European Central Bank banking supervisor Andrea Enria said this month that he understood that the pandemic has slowed relocation and that the ECB’s goal is not to “chain people and bring them to Frankfurt”.
However, he stressed that banks need to ensure that those responsible for interacting with European clients and managing risk are in the block.
“There are banks that have done the ‘full month’ and are already there, and we are fully satisfied, and there are banks that have done a lot less,” he said.
Expectations that Frankfurt will be the biggest beneficiary to date of 7,600 Brexit job moves are confused. Paris attracts the most people, according to EY. It is estimated that 2,800 jobs have gone to Paris. Bank of America, for example, employs around 400 people in the French capital.
Other cities like Milan, Madrid and Amsterdam also attract high-profile figures as banks give employees more freedom to work.
The Bank of France’s banking regulator, ACPR, said that by December 2020, 50 UK financial firms had received approval in Paris, representing nearly 2,500 jobs transferred to the French capital and assets of at least € 170 billion. (Graphic: Paris is facing Brexit, https://graphics.reuters.com/BREXIT-BANKS/yxmvjmndopr/chart.png)

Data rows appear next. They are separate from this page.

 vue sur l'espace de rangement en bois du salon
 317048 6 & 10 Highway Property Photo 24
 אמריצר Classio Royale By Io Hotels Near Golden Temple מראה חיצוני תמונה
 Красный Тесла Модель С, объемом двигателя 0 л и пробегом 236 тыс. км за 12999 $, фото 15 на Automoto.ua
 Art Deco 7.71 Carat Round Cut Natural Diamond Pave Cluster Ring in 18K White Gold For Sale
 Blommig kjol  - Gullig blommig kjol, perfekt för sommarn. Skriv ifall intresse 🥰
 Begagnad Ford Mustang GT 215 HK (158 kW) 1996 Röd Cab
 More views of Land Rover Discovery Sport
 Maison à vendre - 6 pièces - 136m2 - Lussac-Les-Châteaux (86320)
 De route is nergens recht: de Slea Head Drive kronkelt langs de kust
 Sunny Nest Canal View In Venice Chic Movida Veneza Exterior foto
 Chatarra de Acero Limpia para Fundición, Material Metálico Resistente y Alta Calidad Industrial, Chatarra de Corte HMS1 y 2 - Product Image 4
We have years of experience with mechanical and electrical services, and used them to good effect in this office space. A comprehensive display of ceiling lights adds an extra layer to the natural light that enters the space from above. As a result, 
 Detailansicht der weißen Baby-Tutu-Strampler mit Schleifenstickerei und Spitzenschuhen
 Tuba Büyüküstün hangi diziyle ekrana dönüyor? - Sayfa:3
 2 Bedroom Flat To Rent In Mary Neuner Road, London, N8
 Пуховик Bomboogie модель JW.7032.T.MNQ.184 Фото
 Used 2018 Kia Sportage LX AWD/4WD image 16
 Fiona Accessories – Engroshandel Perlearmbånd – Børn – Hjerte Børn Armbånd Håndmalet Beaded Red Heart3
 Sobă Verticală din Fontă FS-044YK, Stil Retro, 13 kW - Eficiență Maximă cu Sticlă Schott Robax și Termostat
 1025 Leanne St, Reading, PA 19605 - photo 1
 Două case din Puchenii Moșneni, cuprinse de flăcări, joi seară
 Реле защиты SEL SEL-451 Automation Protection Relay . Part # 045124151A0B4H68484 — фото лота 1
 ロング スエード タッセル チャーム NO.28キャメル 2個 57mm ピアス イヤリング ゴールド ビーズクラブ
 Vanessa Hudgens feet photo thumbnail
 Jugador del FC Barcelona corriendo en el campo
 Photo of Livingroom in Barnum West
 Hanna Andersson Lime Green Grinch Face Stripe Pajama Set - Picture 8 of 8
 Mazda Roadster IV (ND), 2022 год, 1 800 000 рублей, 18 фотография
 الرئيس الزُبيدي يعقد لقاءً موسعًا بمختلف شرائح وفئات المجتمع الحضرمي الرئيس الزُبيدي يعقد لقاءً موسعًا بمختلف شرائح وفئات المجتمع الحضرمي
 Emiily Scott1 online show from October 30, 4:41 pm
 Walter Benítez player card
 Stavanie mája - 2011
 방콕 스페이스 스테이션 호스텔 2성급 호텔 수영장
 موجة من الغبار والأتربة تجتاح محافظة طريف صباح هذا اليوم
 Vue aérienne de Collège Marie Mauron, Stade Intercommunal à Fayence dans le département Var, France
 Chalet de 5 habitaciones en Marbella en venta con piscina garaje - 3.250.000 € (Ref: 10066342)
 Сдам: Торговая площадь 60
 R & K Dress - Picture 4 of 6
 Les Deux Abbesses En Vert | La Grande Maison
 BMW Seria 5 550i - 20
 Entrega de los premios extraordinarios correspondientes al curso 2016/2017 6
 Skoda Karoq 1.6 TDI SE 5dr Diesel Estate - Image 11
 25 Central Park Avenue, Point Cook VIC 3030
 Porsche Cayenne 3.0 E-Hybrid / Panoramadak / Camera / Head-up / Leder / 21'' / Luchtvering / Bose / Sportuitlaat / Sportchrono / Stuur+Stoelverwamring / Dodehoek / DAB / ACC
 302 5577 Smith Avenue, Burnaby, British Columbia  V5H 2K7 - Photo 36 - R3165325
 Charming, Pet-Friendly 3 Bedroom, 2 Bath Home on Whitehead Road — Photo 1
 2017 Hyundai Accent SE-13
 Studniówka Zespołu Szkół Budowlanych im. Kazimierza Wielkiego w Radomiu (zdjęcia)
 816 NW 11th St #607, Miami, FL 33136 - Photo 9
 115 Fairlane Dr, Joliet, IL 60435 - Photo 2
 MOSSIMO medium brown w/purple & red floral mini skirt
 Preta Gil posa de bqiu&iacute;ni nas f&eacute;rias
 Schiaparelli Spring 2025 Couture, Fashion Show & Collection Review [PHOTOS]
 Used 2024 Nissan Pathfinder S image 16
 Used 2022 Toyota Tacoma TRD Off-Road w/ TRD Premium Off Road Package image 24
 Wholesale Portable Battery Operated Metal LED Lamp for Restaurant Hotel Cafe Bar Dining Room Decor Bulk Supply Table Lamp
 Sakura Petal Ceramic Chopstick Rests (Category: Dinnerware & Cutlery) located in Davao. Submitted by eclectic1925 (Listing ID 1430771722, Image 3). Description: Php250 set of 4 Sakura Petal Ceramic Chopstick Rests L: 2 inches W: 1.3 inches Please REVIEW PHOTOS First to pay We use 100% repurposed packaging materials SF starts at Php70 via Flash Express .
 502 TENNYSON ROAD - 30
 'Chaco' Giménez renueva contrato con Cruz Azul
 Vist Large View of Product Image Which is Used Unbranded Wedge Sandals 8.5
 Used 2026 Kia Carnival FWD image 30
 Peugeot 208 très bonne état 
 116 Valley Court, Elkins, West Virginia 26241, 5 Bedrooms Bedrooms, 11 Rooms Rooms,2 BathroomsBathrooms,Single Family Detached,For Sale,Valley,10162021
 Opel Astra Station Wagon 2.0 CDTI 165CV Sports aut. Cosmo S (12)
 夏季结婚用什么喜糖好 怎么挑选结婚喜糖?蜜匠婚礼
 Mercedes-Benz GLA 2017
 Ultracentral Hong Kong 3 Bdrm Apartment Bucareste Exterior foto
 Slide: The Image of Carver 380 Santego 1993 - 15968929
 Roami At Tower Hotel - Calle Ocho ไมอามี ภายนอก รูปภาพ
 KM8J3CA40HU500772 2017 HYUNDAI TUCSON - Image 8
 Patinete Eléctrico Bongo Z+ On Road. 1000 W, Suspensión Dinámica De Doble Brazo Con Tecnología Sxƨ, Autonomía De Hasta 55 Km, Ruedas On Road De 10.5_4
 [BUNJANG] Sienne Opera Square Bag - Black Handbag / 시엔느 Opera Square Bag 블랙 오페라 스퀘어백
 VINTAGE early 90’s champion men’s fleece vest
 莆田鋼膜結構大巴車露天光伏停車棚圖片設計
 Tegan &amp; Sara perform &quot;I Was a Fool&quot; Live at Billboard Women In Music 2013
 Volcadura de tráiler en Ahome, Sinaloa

“We are seeing an acceleration in jobs in investment banking and retail after a slowdown due to COVID,” said Arnaud de Bresson, managing director of Paris Europlace, adding that banker Paris because of its proximity to London, its lifestyle and its “capital markets culture.” . “
Morgan Stanley’s Goldstein said there was “a new attraction” to working in France today, suggesting a more business-friendly climate under President Emmanuel Macron.
According to estimates by the city of Frankfurt, 2,000 new jobs will be created in connection with Brexit by the end of 2022, compared to 1,500 new jobs in Frankfurt by the end of 2019.
A senior banker at UBS said some employees were more likely to move to Italy or the Netherlands than Frankfurt for personal reasons, and the city’s bland image and relatively small size did not help.
“We have to do more to promote it,” said the banker.
Bankers say they have struggled to find adequately qualified staff in Frankfurt and the inexperience of German regulators vis-à-vis French regulators in overseeing several large investment banks has frustrated some American banks in particular.
Nevertheless, the Frankfurt offices are also expanding their attitudes. Andreas Halin, founder of Global Mind Executive Search Consultants, said senior bankers had realized that they “couldn’t hide behind COVID” and were under regulatory pressure to increase the number of Frankfurt employees.
While Paris is one step ahead when it comes to staffing, no single EU capital market hub has emerged in any city.
Germany is the preferred destination for legal banks in the EU, while Paris has gained trade-related businesses. Amsterdam has gained much of the stock and swap trading from London, as well as trading platforms, but few new jobs.
New York has now become the global winner in derivatives, gaining a larger volume of interest rate swap trading leaving London than the EU.